* _Assigned task_
What you return should be the lines from the one with "Подержанный Cadillac Escalade" through the one with "Bahnhofsnahe, Ruhige Und" in the data below, reproduced exactly with both ends, and no pictures at all.

* _Exercise data_

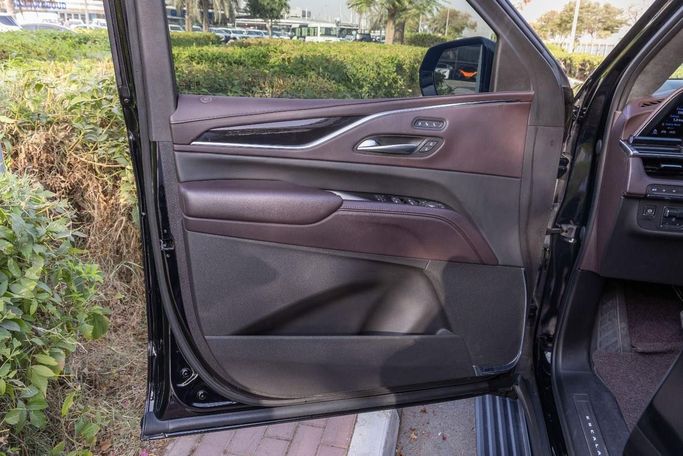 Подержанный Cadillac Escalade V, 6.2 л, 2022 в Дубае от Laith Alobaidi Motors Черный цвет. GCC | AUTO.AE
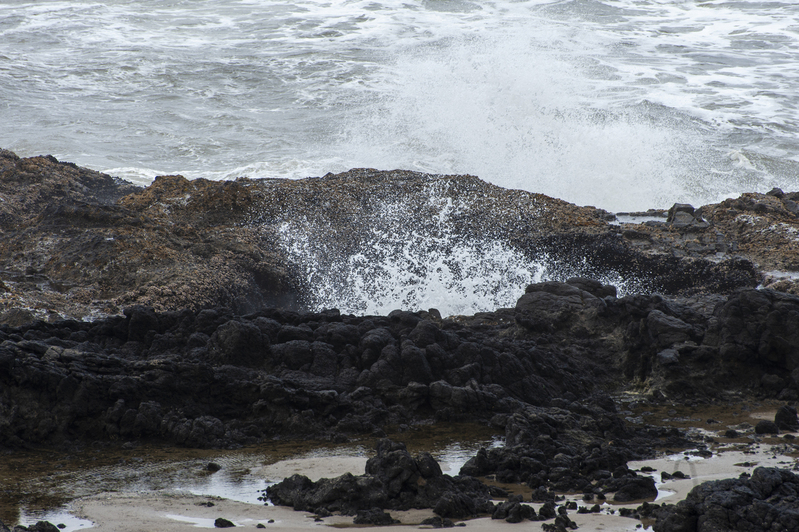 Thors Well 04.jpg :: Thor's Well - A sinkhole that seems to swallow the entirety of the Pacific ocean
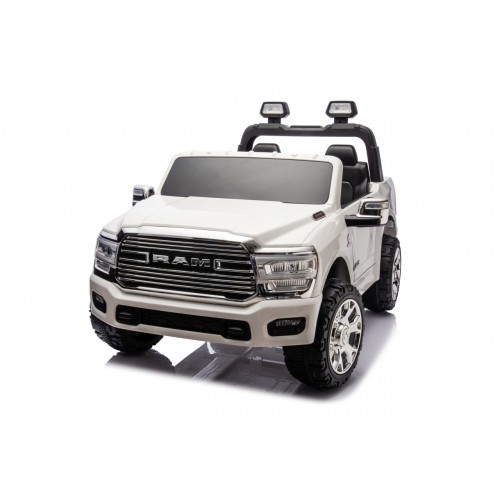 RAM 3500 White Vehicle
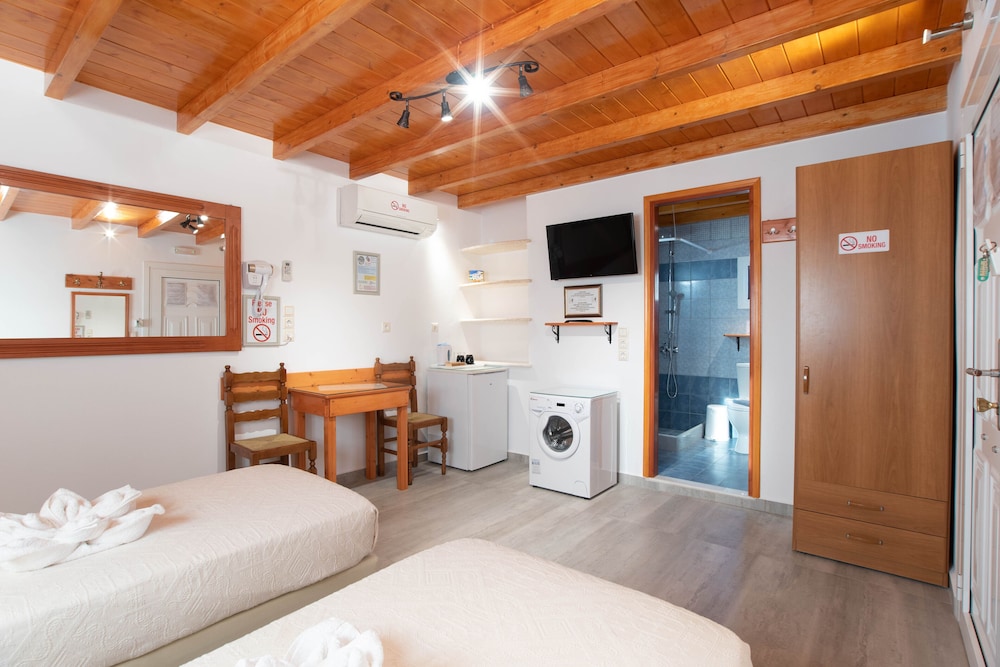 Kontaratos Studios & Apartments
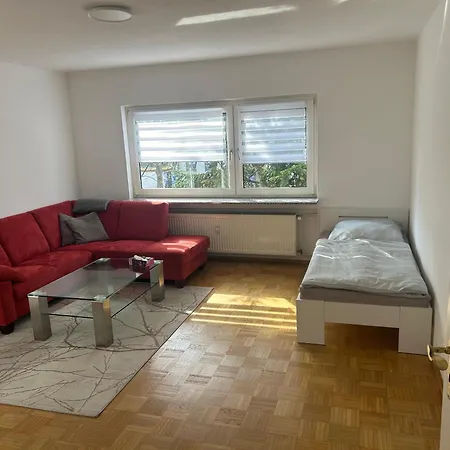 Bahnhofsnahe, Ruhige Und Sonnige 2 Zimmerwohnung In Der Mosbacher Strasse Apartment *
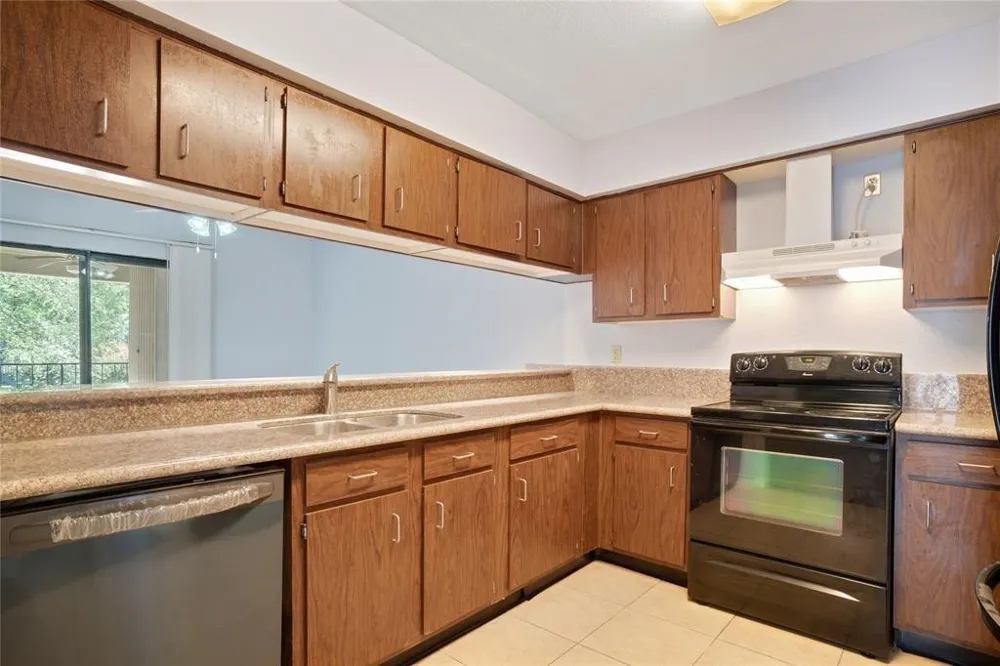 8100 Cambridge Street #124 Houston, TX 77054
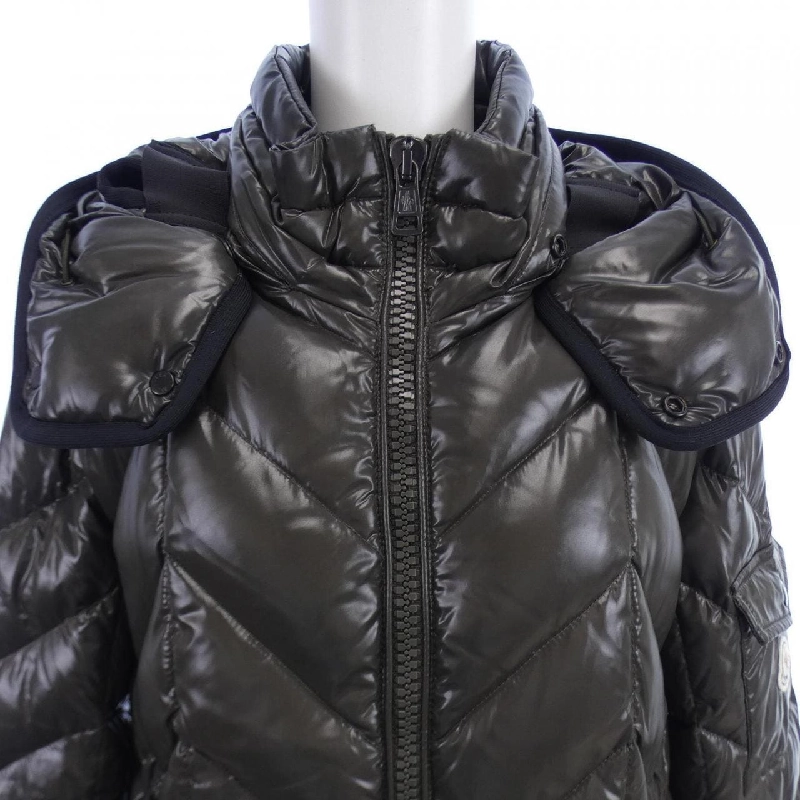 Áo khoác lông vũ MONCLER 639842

--

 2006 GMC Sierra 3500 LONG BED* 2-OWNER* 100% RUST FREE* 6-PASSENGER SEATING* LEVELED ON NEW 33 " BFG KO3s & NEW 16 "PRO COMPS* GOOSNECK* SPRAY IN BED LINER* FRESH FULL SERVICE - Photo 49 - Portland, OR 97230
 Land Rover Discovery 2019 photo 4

---

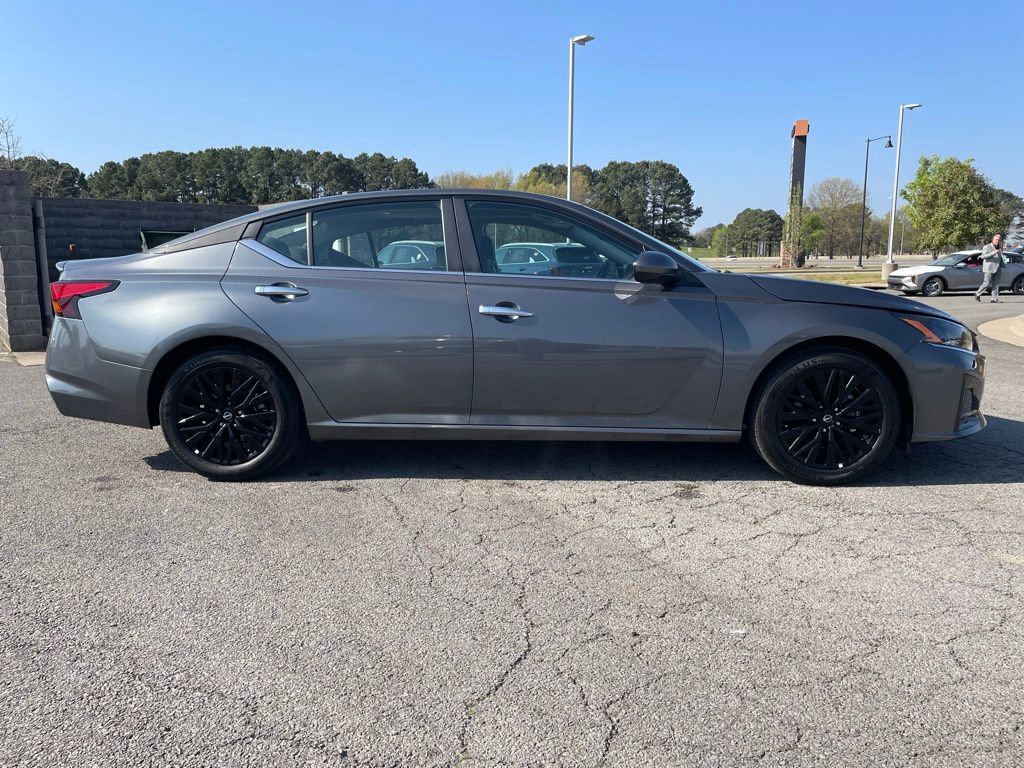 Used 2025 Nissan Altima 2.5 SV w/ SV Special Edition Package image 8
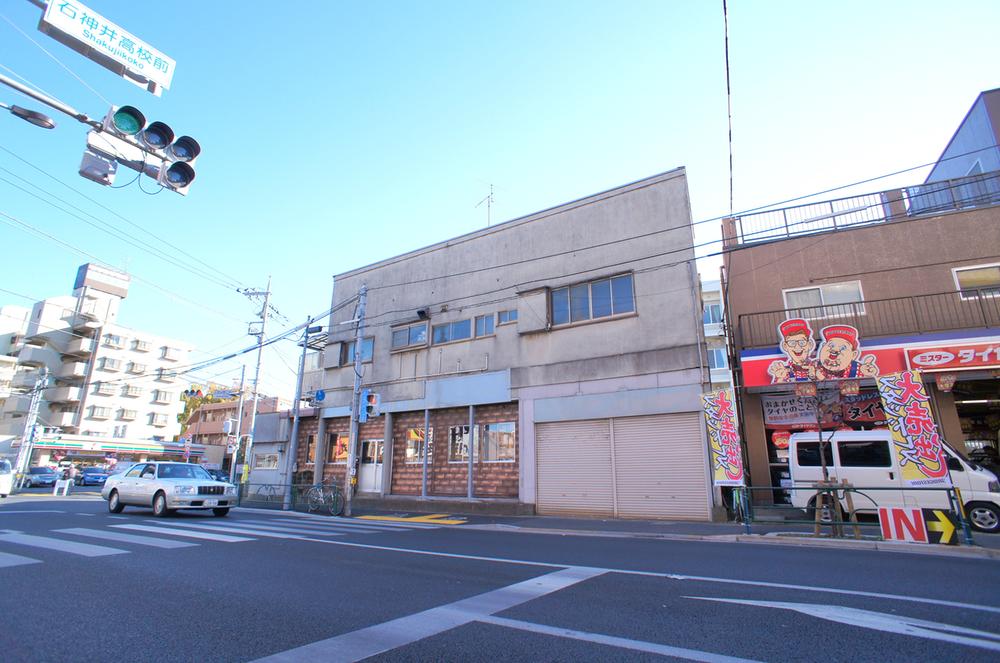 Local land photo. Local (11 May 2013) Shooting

* _Your solution_
 Подержанный Cadillac Escalade V, 6.2 л, 2022 в Дубае от Laith Alobaidi Motors Черный цвет. GCC | AUTO.AE
 Thors Well 04.jpg :: Thor's Well - A sinkhole that seems to swallow the entirety of the Pacific ocean
 RAM 3500 White Vehicle
 Kontaratos Studios & Apartments
 Bahnhofsnahe, Ruhige Und Sonnige 2 Zimmerwohnung In Der Mosbacher Strasse Apartment *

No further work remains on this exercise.